Article 8 (art. 60 du titre II, art. 54 du titre II et art. 38 du titre IV du statut général des fonctionnaires de l’Etat et des collectivités territoriales) : Priorité de mutation des fonctionnaires :

La Commission a été saisie d’un amendement du rapporteur tendant à rétablir le texte voté par l’Assemblée nationale, qui prévoit que les partenaires liés par un PACS peuvent bénéficier des dispositions relatives au rapprochement des fonctionnaires.

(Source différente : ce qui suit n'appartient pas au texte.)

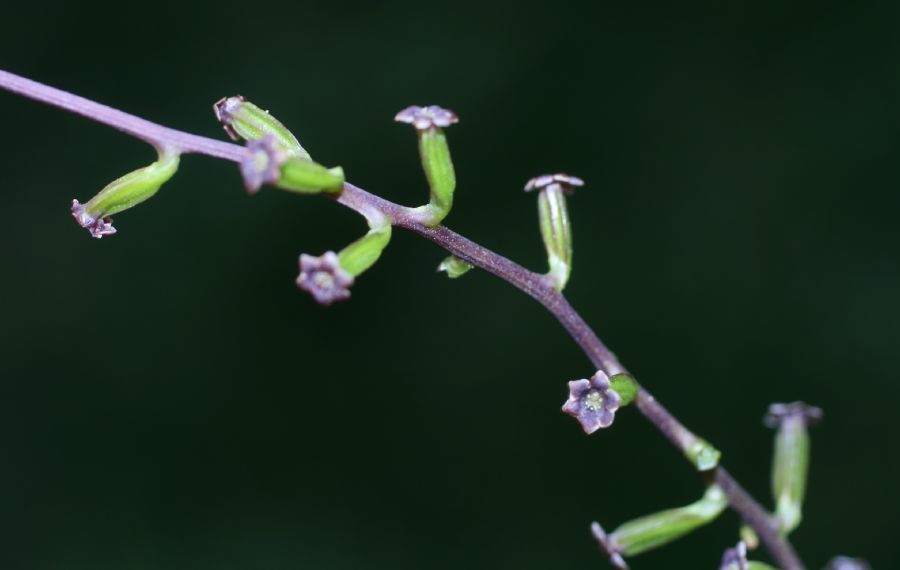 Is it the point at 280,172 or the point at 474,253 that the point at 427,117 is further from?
the point at 280,172

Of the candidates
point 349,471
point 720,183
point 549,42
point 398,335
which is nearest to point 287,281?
point 398,335

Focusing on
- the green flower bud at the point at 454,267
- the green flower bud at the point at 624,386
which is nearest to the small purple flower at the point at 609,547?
the green flower bud at the point at 624,386

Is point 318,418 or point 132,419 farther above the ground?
point 132,419

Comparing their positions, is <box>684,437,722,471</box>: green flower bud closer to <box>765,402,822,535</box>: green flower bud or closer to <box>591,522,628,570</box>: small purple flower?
<box>591,522,628,570</box>: small purple flower

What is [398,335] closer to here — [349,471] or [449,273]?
[349,471]

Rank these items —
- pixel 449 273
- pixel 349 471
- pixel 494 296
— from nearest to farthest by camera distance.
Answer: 1. pixel 449 273
2. pixel 349 471
3. pixel 494 296

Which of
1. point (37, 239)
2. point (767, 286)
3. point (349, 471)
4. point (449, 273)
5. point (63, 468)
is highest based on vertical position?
point (37, 239) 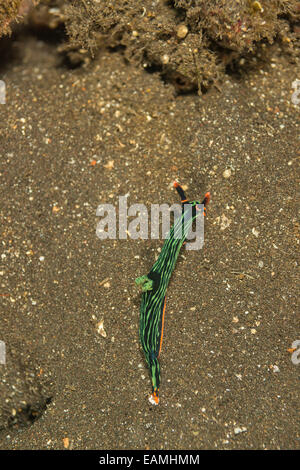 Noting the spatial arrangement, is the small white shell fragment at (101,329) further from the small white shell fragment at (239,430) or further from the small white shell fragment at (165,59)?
the small white shell fragment at (165,59)

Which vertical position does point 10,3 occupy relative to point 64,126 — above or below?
above

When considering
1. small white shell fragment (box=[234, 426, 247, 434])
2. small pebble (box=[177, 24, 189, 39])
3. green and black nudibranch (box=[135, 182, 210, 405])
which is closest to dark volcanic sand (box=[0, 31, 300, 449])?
small white shell fragment (box=[234, 426, 247, 434])

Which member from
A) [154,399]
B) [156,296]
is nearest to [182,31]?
[156,296]

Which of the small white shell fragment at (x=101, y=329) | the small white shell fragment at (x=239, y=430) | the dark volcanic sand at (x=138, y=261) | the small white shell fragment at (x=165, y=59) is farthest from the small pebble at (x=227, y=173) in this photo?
the small white shell fragment at (x=239, y=430)

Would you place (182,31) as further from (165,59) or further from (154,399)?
(154,399)

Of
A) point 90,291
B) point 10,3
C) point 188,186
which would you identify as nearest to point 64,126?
point 10,3

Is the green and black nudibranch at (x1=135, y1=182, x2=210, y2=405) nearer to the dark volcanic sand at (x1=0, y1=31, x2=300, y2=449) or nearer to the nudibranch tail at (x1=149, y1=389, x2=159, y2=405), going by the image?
the nudibranch tail at (x1=149, y1=389, x2=159, y2=405)

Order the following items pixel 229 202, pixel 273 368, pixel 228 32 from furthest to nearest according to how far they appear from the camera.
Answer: pixel 229 202
pixel 228 32
pixel 273 368

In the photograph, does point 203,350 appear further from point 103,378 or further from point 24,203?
point 24,203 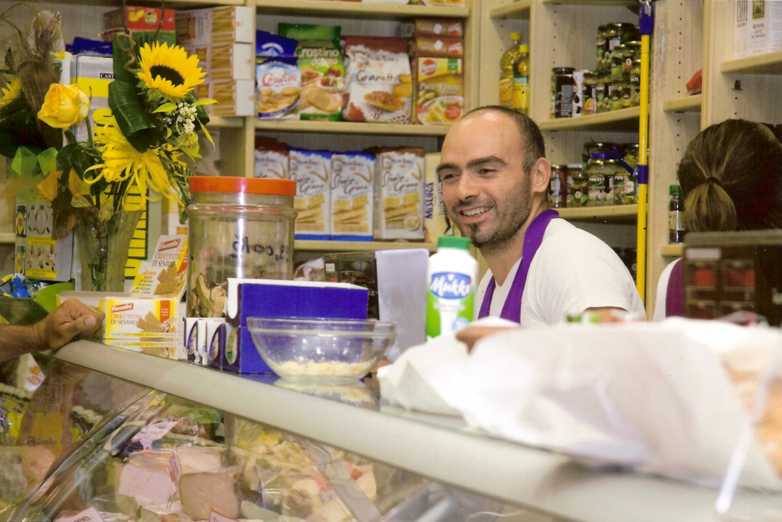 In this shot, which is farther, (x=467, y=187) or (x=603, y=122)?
(x=603, y=122)

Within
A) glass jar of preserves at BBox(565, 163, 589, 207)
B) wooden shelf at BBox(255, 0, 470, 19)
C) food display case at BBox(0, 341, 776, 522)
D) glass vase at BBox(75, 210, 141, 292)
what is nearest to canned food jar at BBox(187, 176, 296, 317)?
food display case at BBox(0, 341, 776, 522)

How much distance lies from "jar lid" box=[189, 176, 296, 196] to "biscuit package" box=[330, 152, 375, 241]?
8.29 feet

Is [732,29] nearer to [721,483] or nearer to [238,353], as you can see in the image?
[238,353]

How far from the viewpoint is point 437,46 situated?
469cm

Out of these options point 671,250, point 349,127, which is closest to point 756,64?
point 671,250

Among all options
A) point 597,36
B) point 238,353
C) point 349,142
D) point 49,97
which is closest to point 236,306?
point 238,353

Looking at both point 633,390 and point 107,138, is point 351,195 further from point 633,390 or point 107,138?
point 633,390

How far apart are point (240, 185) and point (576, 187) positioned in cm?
236

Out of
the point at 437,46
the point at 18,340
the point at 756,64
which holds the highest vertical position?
the point at 437,46

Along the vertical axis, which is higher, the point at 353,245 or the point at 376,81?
the point at 376,81

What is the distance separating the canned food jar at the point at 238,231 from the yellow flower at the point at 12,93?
3.29 ft

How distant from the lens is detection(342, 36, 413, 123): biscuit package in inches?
183

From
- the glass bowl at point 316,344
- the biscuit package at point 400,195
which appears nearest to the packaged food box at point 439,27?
the biscuit package at point 400,195

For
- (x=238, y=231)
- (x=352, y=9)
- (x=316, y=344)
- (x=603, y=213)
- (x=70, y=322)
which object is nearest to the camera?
(x=316, y=344) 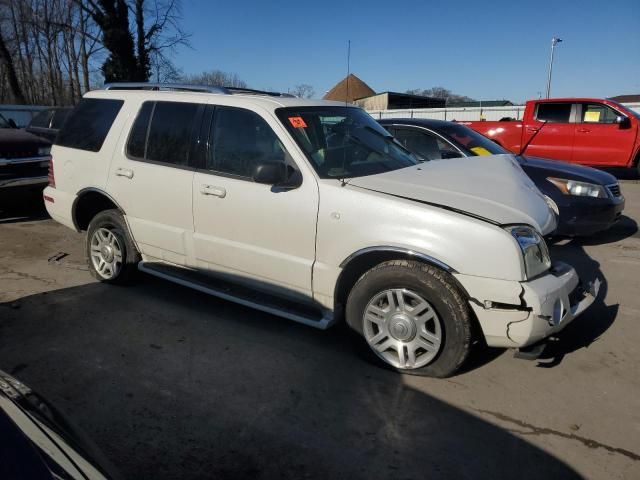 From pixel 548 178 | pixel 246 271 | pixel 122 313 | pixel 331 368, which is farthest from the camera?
pixel 548 178

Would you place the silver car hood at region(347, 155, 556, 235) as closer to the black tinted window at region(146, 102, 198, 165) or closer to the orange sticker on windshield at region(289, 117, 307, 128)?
the orange sticker on windshield at region(289, 117, 307, 128)

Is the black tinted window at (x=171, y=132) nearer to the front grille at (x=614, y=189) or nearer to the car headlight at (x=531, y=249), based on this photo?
the car headlight at (x=531, y=249)

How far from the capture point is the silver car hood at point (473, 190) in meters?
3.04

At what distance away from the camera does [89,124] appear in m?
4.81

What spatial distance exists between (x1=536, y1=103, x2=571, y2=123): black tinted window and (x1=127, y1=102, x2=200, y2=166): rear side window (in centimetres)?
988

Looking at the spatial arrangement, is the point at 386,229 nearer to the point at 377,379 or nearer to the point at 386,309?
the point at 386,309

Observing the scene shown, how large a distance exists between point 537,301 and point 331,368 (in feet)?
4.66

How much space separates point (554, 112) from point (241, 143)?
33.3ft

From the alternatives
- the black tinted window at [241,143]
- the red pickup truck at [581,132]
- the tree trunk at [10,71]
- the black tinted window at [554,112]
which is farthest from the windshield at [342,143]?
the tree trunk at [10,71]

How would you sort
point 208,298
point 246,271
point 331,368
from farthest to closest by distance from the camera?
point 208,298 → point 246,271 → point 331,368

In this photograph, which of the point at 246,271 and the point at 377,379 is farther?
the point at 246,271

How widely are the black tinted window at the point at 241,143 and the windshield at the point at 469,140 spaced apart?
311 cm

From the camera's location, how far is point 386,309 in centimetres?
320

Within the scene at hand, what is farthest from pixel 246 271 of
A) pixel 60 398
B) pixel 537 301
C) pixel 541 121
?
pixel 541 121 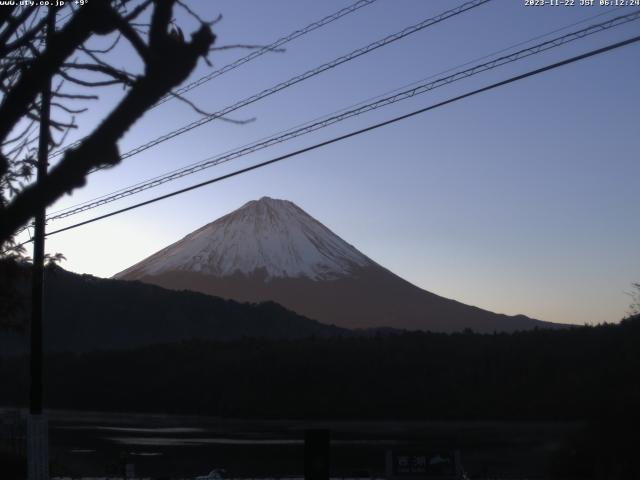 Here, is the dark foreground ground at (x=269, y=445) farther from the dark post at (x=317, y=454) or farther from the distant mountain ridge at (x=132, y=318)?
the distant mountain ridge at (x=132, y=318)

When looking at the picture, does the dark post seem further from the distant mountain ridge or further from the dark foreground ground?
the distant mountain ridge

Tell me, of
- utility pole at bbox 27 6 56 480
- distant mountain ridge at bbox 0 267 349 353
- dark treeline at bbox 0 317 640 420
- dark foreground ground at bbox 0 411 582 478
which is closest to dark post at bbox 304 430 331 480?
utility pole at bbox 27 6 56 480

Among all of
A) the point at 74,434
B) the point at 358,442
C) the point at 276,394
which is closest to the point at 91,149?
the point at 358,442

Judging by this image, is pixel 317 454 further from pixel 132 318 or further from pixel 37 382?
pixel 132 318

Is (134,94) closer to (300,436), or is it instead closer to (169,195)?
(169,195)

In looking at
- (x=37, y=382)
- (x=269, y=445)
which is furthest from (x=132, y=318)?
(x=37, y=382) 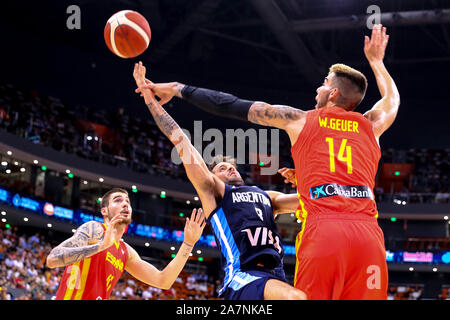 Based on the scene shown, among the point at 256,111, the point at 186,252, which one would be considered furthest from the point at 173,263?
the point at 256,111

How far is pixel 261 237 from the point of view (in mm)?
4316

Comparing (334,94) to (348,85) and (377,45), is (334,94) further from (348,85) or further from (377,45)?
(377,45)

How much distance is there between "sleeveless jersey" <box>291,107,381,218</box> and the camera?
12.1ft

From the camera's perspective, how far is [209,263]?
3164 cm

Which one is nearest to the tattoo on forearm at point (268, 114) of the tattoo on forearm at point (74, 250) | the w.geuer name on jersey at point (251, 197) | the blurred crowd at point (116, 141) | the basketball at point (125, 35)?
the w.geuer name on jersey at point (251, 197)

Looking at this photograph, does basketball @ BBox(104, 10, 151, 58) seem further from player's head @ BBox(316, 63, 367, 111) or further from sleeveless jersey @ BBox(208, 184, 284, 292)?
player's head @ BBox(316, 63, 367, 111)

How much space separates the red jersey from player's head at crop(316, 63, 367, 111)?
113 inches

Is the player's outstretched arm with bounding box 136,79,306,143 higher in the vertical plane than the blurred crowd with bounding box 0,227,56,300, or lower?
higher

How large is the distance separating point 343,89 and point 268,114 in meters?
0.55

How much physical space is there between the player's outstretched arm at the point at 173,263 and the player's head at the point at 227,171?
563mm

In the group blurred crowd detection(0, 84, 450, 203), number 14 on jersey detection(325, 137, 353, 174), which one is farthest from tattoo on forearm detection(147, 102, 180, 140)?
blurred crowd detection(0, 84, 450, 203)

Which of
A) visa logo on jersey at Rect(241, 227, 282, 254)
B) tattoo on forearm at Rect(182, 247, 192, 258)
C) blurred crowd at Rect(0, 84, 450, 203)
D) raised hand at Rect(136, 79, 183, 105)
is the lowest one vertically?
tattoo on forearm at Rect(182, 247, 192, 258)

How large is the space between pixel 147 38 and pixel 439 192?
90.8 feet

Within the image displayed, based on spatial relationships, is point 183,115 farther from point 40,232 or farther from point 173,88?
point 173,88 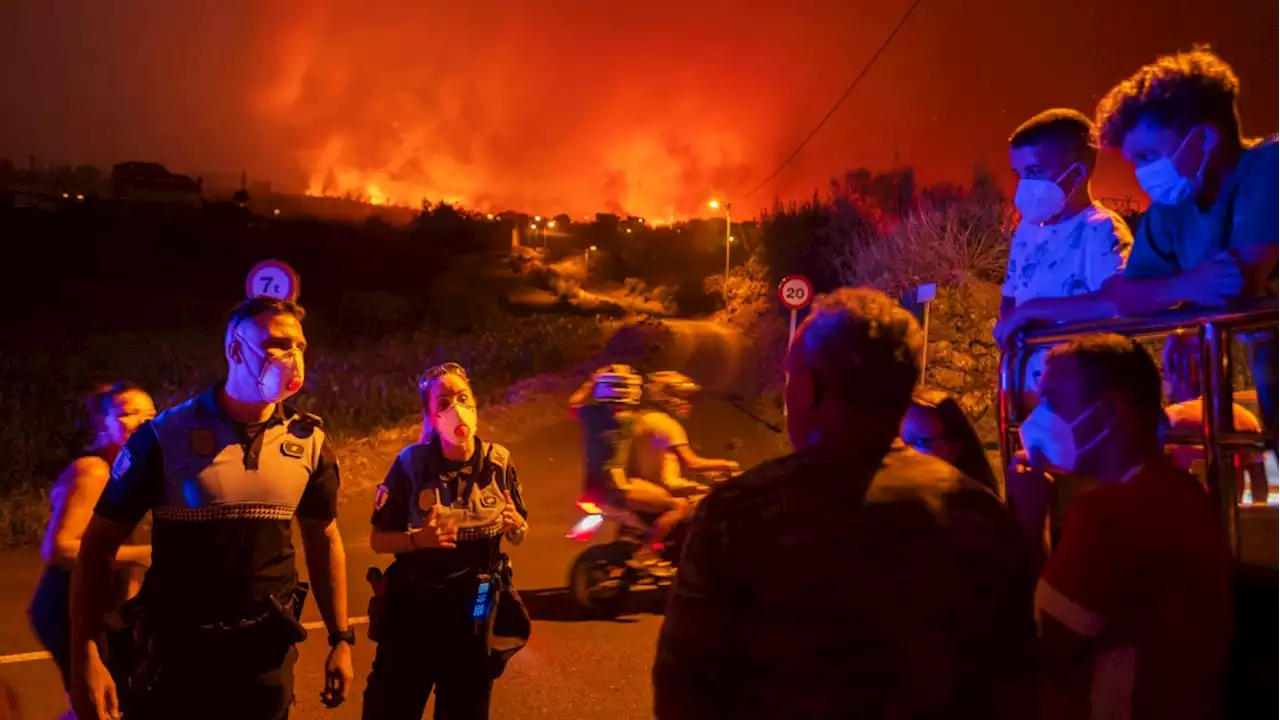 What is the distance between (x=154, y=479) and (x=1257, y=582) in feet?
9.95

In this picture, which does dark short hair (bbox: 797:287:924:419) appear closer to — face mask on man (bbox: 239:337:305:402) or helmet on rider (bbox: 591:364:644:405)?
face mask on man (bbox: 239:337:305:402)

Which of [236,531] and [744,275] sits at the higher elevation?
[744,275]

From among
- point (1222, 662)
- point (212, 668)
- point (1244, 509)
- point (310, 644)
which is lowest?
point (310, 644)

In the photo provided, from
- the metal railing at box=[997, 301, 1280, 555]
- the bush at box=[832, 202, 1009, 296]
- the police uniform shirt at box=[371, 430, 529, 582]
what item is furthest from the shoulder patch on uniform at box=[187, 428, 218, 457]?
the bush at box=[832, 202, 1009, 296]

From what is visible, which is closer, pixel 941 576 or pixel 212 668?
pixel 941 576

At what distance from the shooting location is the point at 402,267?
4084cm

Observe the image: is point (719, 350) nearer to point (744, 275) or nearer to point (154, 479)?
point (744, 275)

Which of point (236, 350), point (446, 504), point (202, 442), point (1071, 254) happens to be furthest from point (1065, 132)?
point (202, 442)

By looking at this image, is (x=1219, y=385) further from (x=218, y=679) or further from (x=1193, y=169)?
(x=218, y=679)

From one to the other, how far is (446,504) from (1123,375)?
2548 millimetres

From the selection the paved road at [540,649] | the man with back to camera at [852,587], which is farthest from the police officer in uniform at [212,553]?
the paved road at [540,649]

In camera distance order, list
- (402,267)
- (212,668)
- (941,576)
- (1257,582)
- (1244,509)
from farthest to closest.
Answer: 1. (402,267)
2. (212,668)
3. (1244,509)
4. (1257,582)
5. (941,576)

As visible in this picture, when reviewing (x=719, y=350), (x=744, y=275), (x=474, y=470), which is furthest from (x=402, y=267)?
(x=474, y=470)

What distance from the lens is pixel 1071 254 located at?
3.10 metres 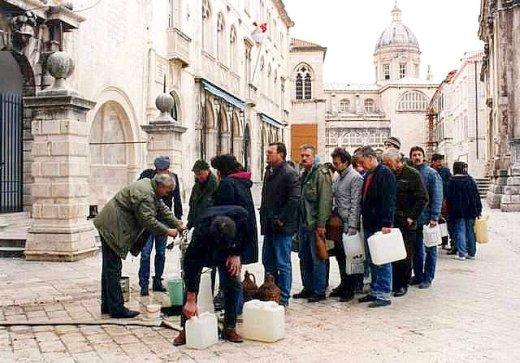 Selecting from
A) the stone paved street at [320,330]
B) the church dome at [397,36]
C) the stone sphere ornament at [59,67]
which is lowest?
the stone paved street at [320,330]

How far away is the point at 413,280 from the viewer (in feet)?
29.1

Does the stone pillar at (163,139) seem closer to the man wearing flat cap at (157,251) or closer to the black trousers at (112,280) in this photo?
the man wearing flat cap at (157,251)

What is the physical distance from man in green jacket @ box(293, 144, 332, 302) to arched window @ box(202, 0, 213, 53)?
18.2m

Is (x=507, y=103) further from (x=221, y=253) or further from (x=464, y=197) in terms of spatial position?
(x=221, y=253)

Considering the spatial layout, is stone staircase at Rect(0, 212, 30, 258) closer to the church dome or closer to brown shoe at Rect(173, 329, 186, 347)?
brown shoe at Rect(173, 329, 186, 347)

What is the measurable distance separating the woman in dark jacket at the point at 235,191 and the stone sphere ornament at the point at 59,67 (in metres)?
5.68

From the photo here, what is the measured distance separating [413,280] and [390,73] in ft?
284

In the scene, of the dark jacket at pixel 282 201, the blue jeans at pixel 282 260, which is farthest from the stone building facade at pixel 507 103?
the dark jacket at pixel 282 201

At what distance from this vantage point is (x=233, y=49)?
99.2ft

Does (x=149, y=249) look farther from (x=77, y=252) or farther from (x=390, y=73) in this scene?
(x=390, y=73)

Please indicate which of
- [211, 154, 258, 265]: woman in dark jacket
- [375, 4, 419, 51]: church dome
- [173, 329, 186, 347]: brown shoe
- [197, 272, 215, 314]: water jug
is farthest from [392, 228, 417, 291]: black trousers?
[375, 4, 419, 51]: church dome

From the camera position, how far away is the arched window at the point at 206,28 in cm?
2512

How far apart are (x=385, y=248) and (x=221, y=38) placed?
22198 mm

M. Claude Goasguen ayant fait remarquer que les dispositions visées étaient rarement appliquées tandis que le rapporteur indiquait que cet amendement ne faisait que reprendre le droit existant, la Commission a adopté l’amendement du rapporteur.

Article 9 (art. 14 et 15 de la loi n° 89-462 du 6 juillet 1989) : Continuation du contrat de location et droit de reprise pour habiter :

La Commission a adopté un amendement du rapporteur tendant à rétablir le texte voté par l’Assemblée nationale qui étend aux partenaires liés par un PACS les dispositions relatives à la continuation du bail et au droit de reprise du bailleur, MM. Claude Goasguen, Pierre Albertini et Thierry Mariani ayant précisé qu’ils étaient favorables à cette disposition.

Article 11 : Décrets d'application :

La Commission a adopté un amendement du rapporteur tendant à rétablir le texte voté par l’Assemblée nationale, qui détermine dans quelles conditions seront prises les mesures d’application de cette loi.

Titre :

La Commission a adopté un amendement du rapporteur rétablissant le titre initial de la proposition de loi et a, en conséquence, rejeté un amendement de M. Renaud Dutreil proposant un autre titre.

La Commission a ensuite adopté l’ensemble de la proposition de loi ainsi modifiée.

——fpfp——

Information relative à la Commission

La Commission a désigné Mme Claudine Ledoux rapporteur pour le projet de loi, adopté par le Sénat, relatif aux droits des citoyens dans leurs relations avec les administrations.